The teaching-learning process is two-sided ( Wilhelm, J., Dube, J., Baker, T., 2003); it needs the teacher as well as the student. Not only can the teacher guide this whole process on his/her own, but s/he also needs an audience willing to give feedback. The student’s concern should be receiving information, constructing knowledge, and expressing outwardly personal ideas. This teaching-learning process is an active non-stop phenomenon where “the teacher is the skilled workman and any good visual aid is merely a tool which the teacher and a group of children can use intelligently in a learning situation, so as to achieve the desired objectives” (Callista, 1938, p. 5). This is the reason why teachers need to do their best to retrieve as much as they can from their students, especially when teaching English as a foreign language. However, this must be accompanied by a proper environment as the study Towards a Comprehensive School Health Program contends that “The school environment must provide for enrichment as well as remediation for optimal learning” (The Health Curriculum Guide, 2013, p. 1). In this sense, the teacher is the main responsible providing the best atmosphere inside the classroom, and make students feel comfortable to participate.
EFL stands for English as a foreign language, which refers to the English language spoken in a country where it is not official, as it is the case of Chile. In this country to be a teacher of English is a difficult task, not only because of the language itself, but also due to the lack of exposure to the language. Hence, teachers must draw on other sources at the moment of performing their work using as many available possibilities as they can to enrich their labor. Yu Ren Dong (2004) states that “we need to lighten the language load of the text for our [non-native English speaking] students using whatever we can, including physical movements, facial expressions, drawings, and real objects” (p. 205). From this, it can be said that teachers must include extra visual resources to give life to what it is said and taught.
Visual aids in teaching English have an important function in educating students and using them in every single class brings several benefits to teachers as well as to learners. Callista (1938) reports that “Visual methods not only increase efficiency of teaching [. .
.] when properly used” (p. 5). Consequently, one can assume that visual aids mean a significant tool for both students and teachers: students learn effectively and teachers save time to fulfill all the topics to be taught.
Any idea or information can be perfectly conveyed by visual material without using necessarily verbal communication. Because of this, visual materials become an indispensable instrument that gives ease at the moment of learning a language or understanding something that implies verbal communication. This occurs because the brain will withhold more information when using dual input during the learning process.

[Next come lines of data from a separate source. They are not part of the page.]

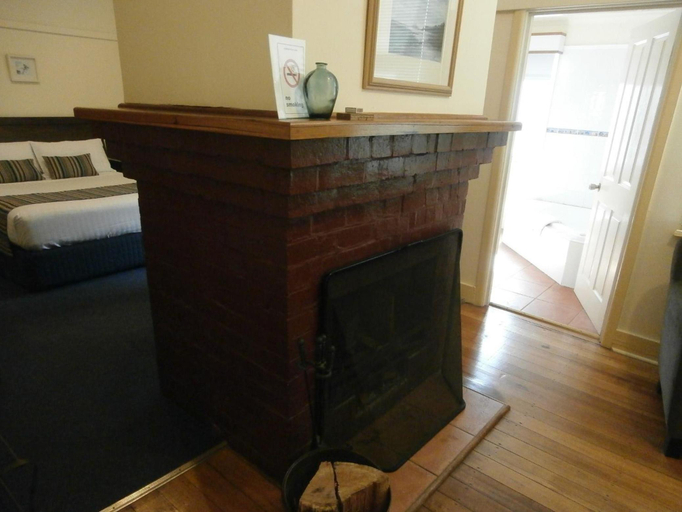 Others 5, Marlo Hotel, E. Gippsland - Orbost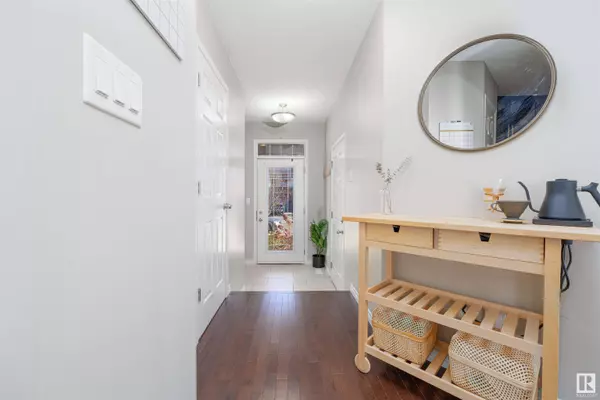 1724 CHAPMAN WY SW, Edmonton, AB T6W 2E8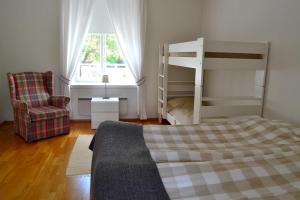 罗威萨鲍姆加特纳别墅的一间卧室配有双层床和椅子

“Learning is the result of integrating all information perceived and processed. This integration takes form in structural modifications within the brain” (Organization for Economic Co-operation and Development, 2007, pp. 25-26). The brain lateralization process explains that each hemisphere of the brain has different capabilities according to cognitive functions. Visual input reinforces language learning and makes that both hemispheres work together, thus improving the learning process. M. Hunter and E., Torrance (n.d.) claim the following:
“Schools favor left brain-dependent activities, like the fact of always sitting, learning algebra, etc. Favoring the right hemisphere would include allowing students to stretch out, learn geometry, etc. These remarks led to the methods that engage the two hemispheres, some even going so far as to reinforce activities related to the right hemisphere. An example of these new methods is “show and tell.” Instead of merely reading texts to the students (left hemisphere action), the teacher also shows images and graphs (right hemisphere actions). (Organization for Economic Co-operation and Development, 2007, p. 9)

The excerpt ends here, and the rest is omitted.